Find the line containing "Toyota Yaris 1 1.0 benzyna 2000 r.", then print it and each line after it through the end of the listing exactly, with no pictures.

*** THE DATA ***

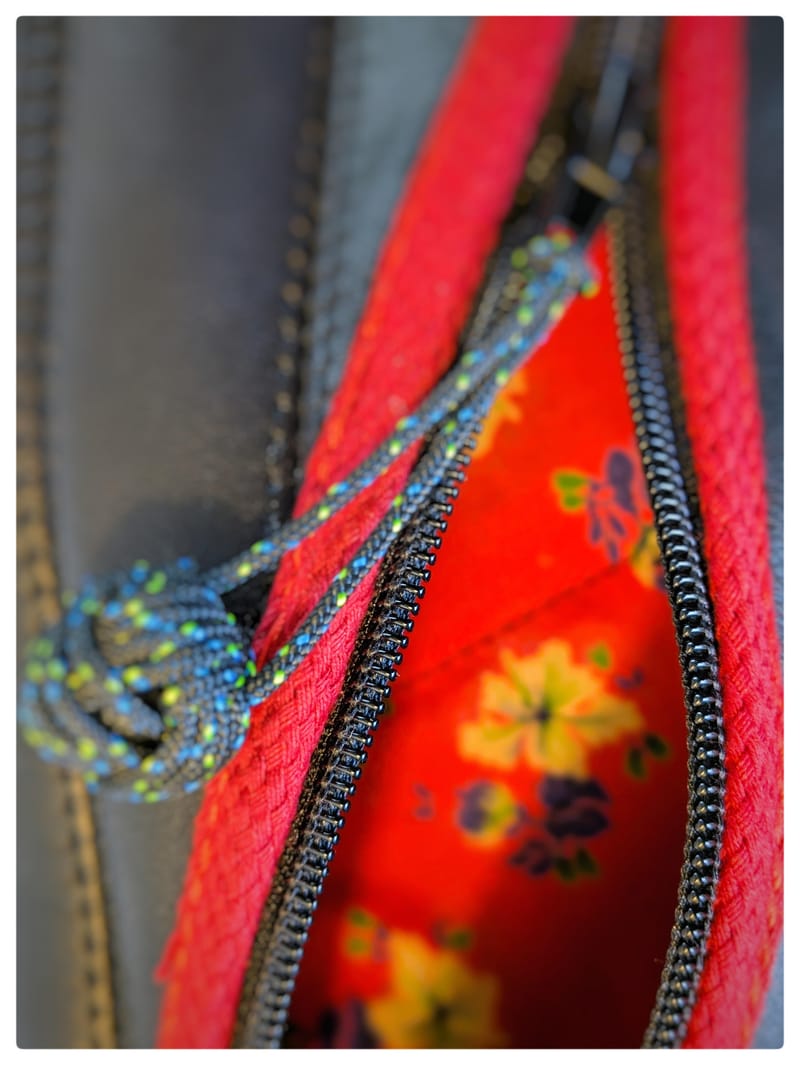 À l'intérieur, doublure surprise !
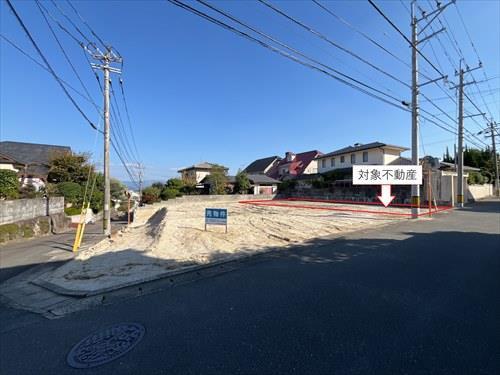 西側前面道路（南側から撮影）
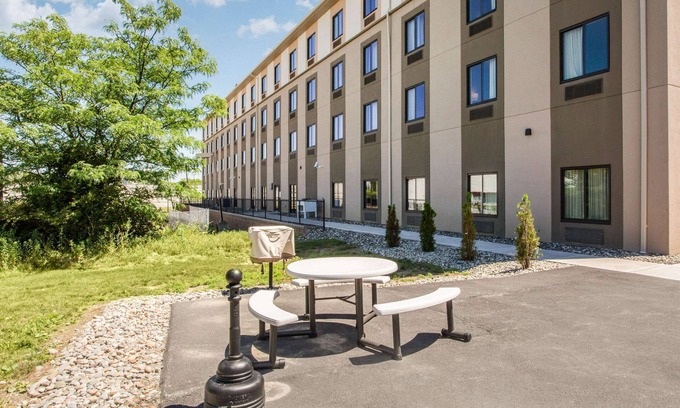 Town of Wawayanda Hotel | Sleep Inn & Suites Middletown - Goshen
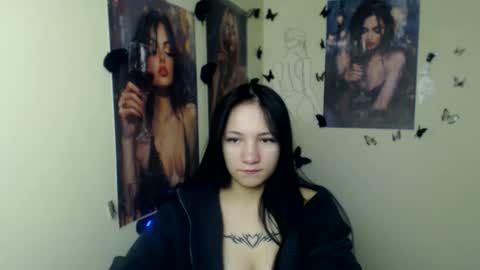 Snapshot of cutielady_ chatting on 02-05-26, 07:13 Emma online show from 02-05-26, 07:13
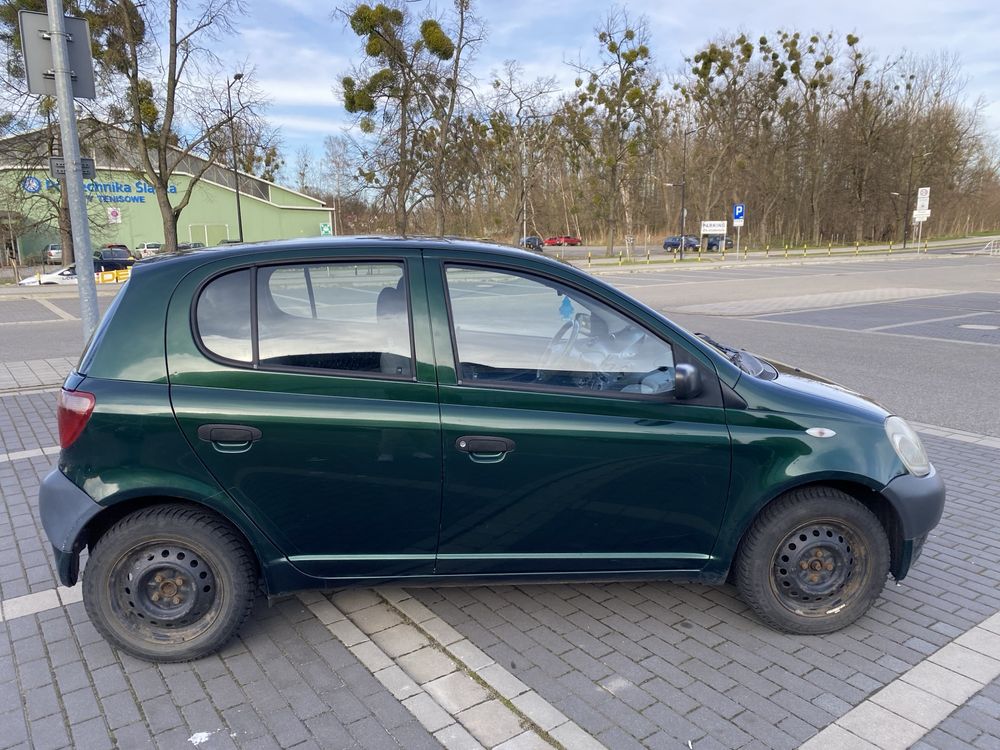 Toyota Yaris 1 1.0 benzyna 2000 r.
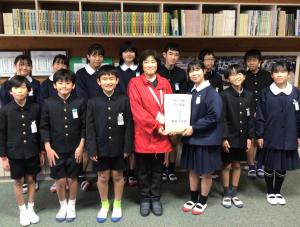 赤い羽根の集合写真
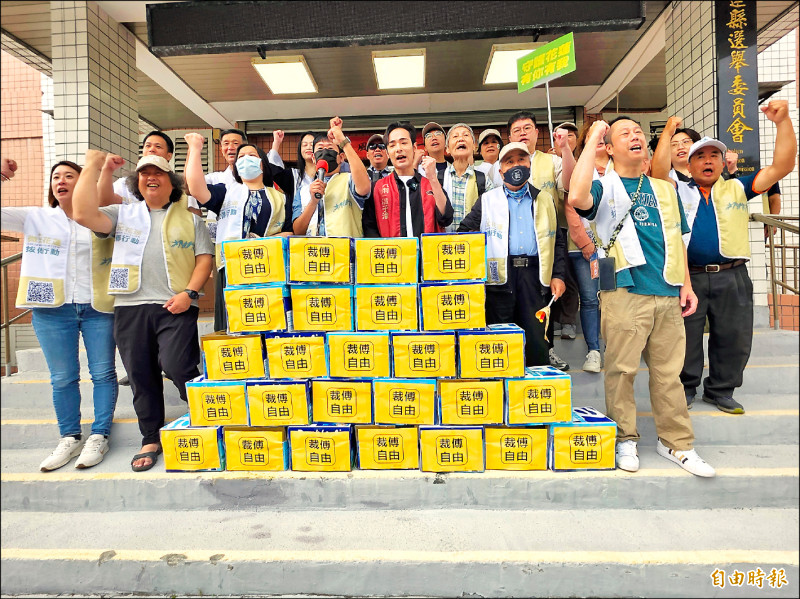 花蓮罷免風暴席捲 32777份連署書送達 民眾期盼投票行動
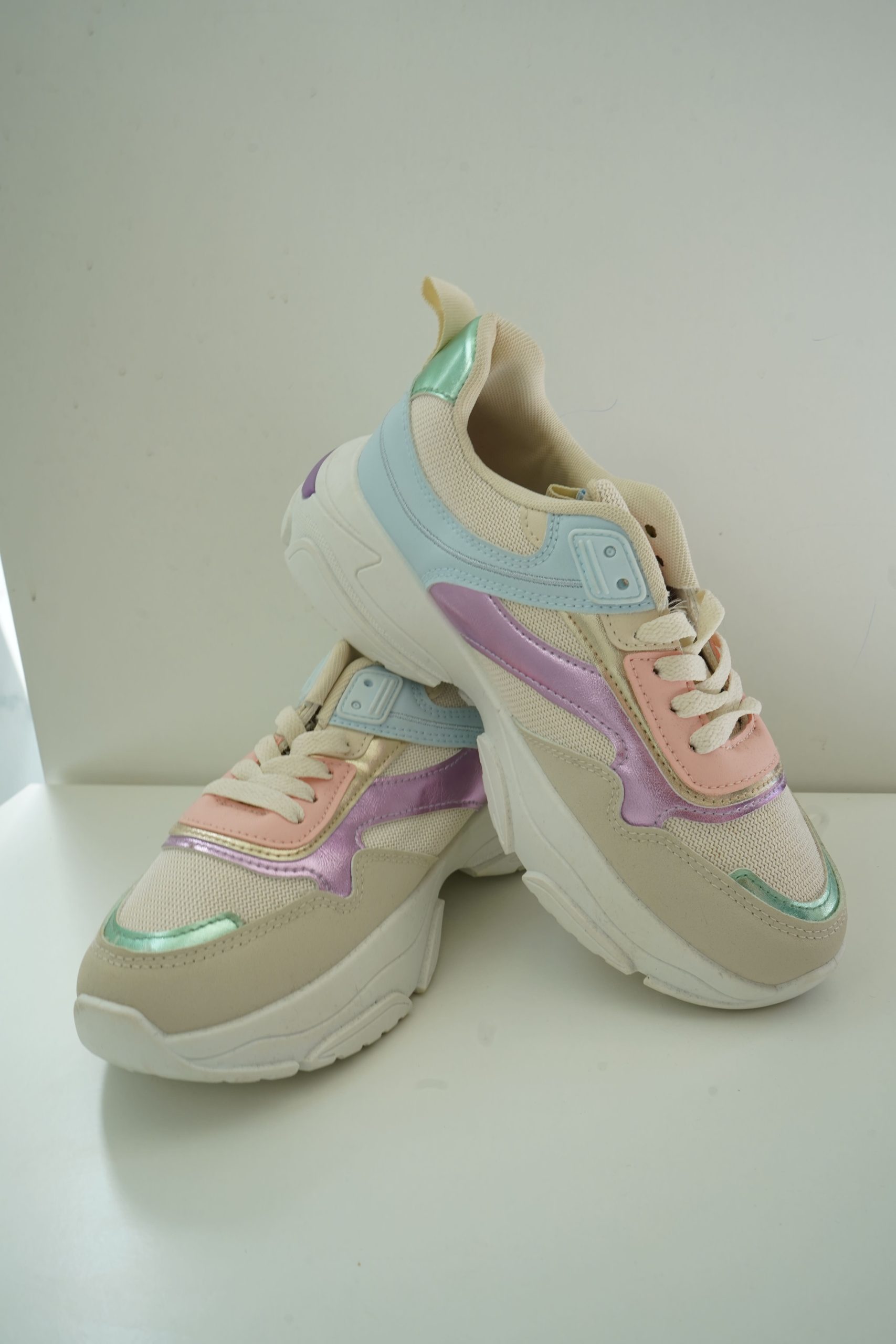 Sapatilha branca multicolor com azul e lilas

*** End of THE DATA ***

→ **FINISHED EXERCISE**:
 Toyota Yaris 1 1.0 benzyna 2000 r.
 赤い羽根の集合写真
 花蓮罷免風暴席捲 32777份連署書送達 民眾期盼投票行動
 Sapatilha branca multicolor com azul e lilas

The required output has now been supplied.